• Extracted information:
----------

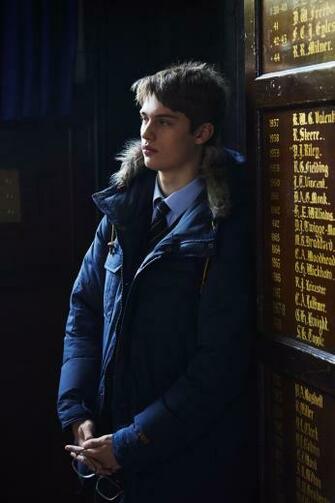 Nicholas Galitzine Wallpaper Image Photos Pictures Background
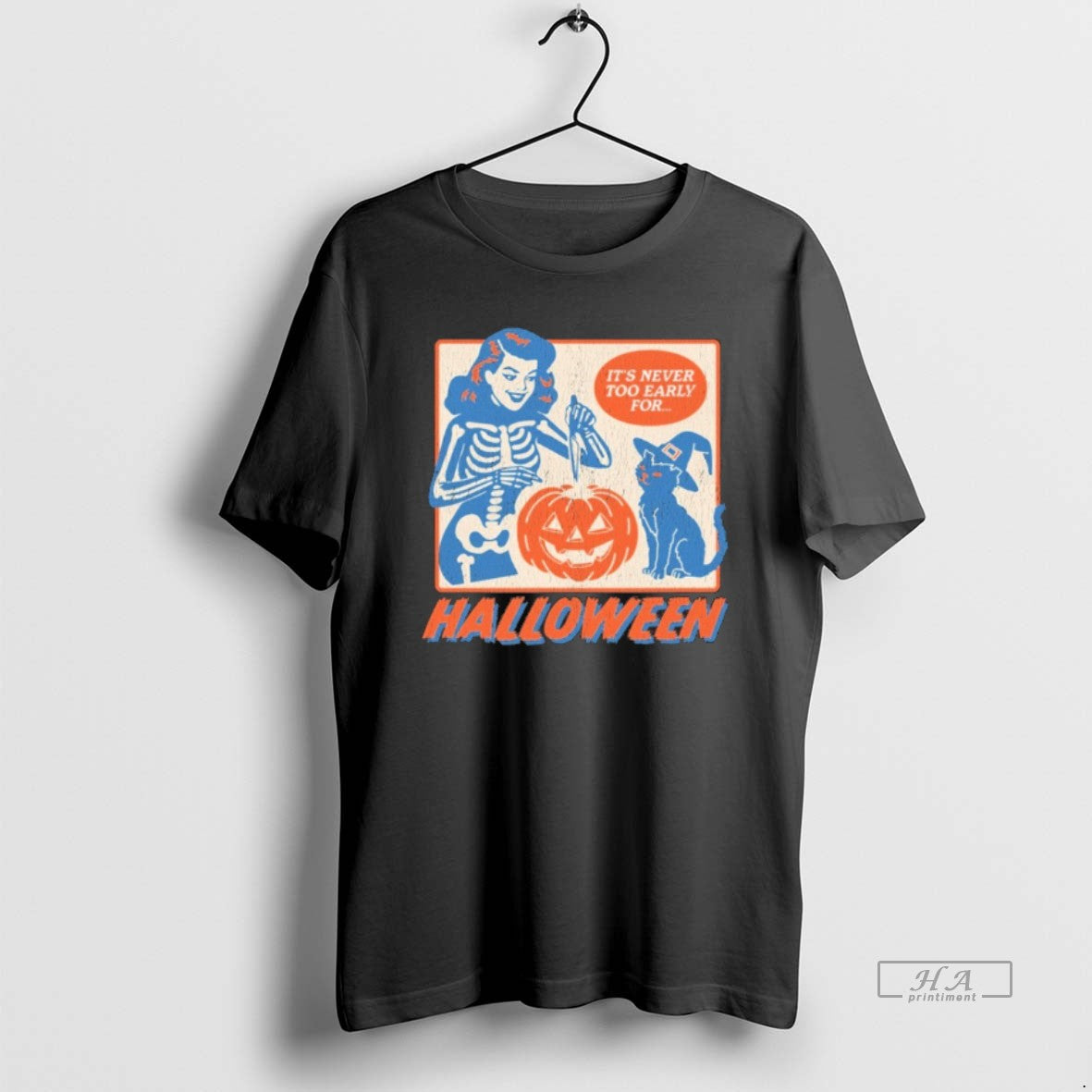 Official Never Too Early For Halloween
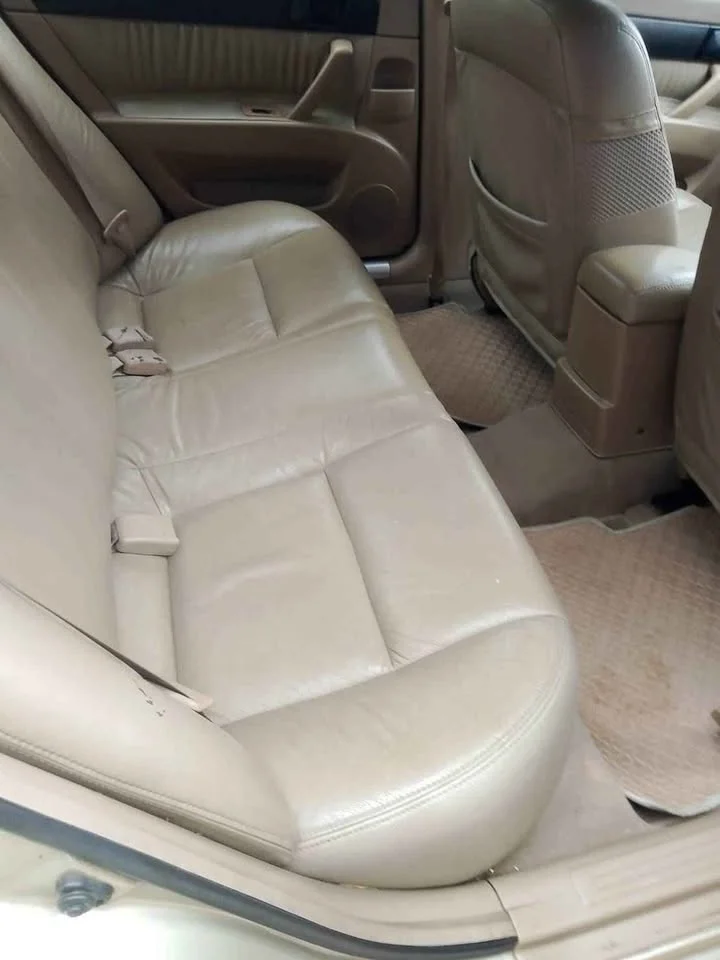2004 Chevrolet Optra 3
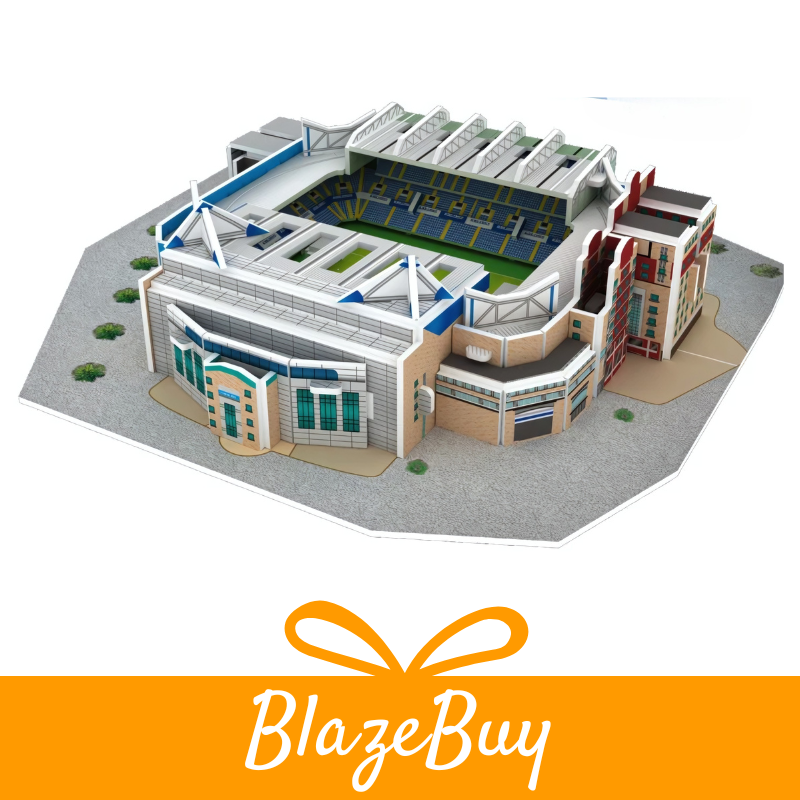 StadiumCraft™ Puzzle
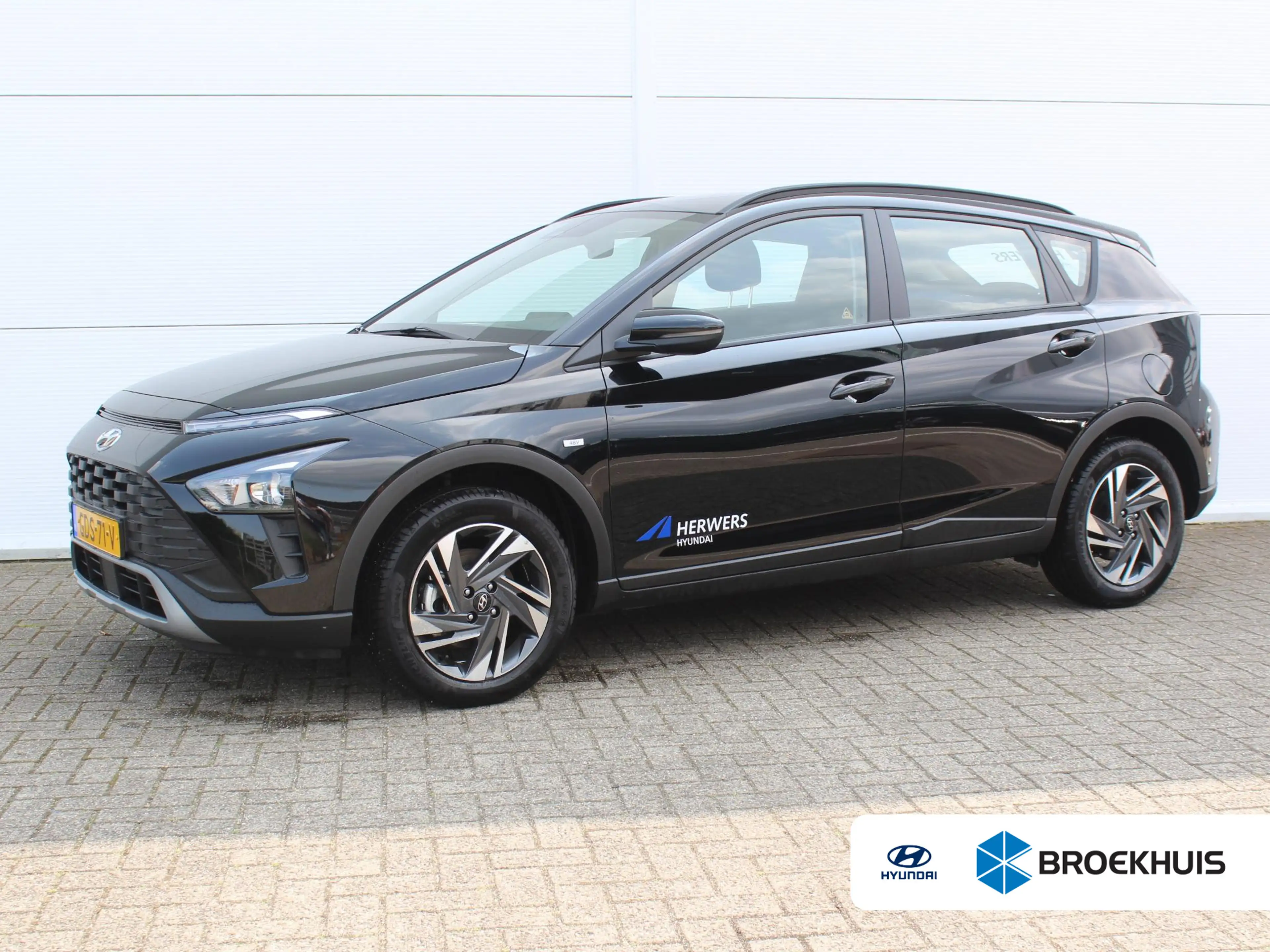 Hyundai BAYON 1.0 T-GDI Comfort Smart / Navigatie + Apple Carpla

----------

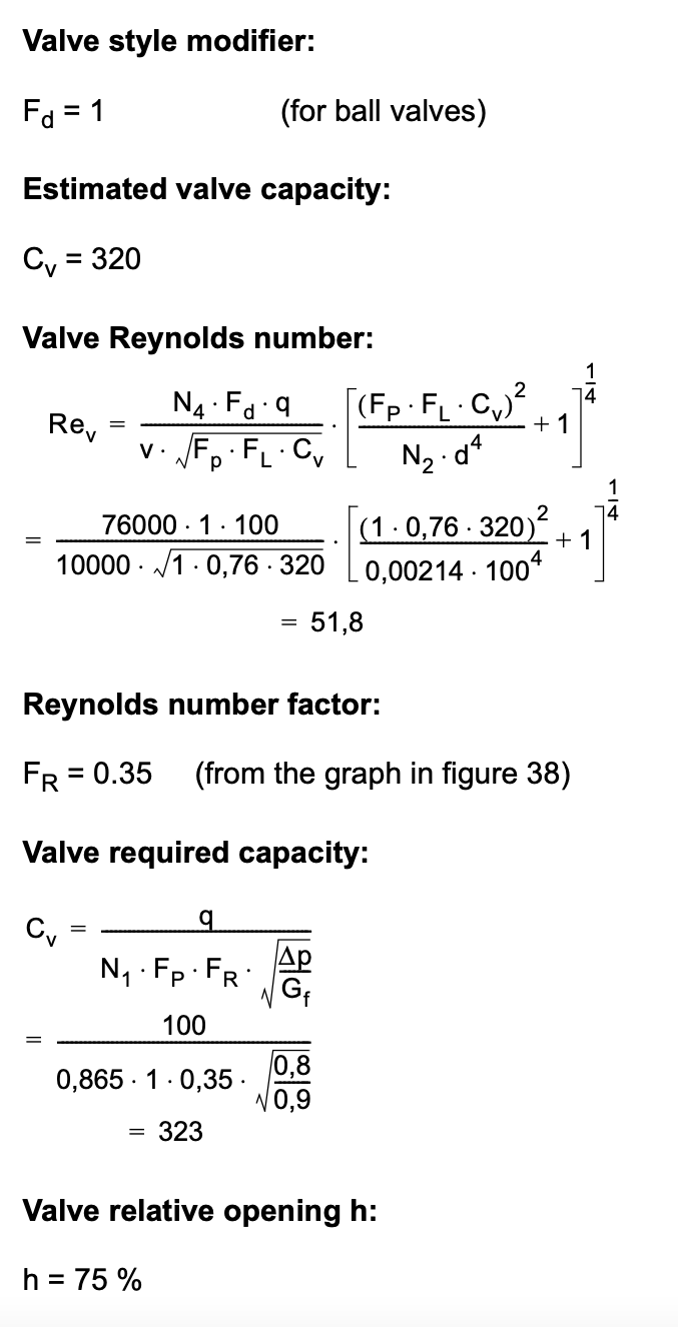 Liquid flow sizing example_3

----------

• Action item:
Print from the line containing "Nicholas Galitzine Wallpaper" through the line containing "Hyundai BAYON 1.0" in the data above, exactly as the lines stand, and omit every picture.

• Response box:
 Nicholas Galitzine Wallpaper Image Photos Pictures Background
 Official Never Too Early For Halloween
2004 Chevrolet Optra 3
 StadiumCraft™ Puzzle
 Hyundai BAYON 1.0 T-GDI Comfort Smart / Navigatie + Apple Carpla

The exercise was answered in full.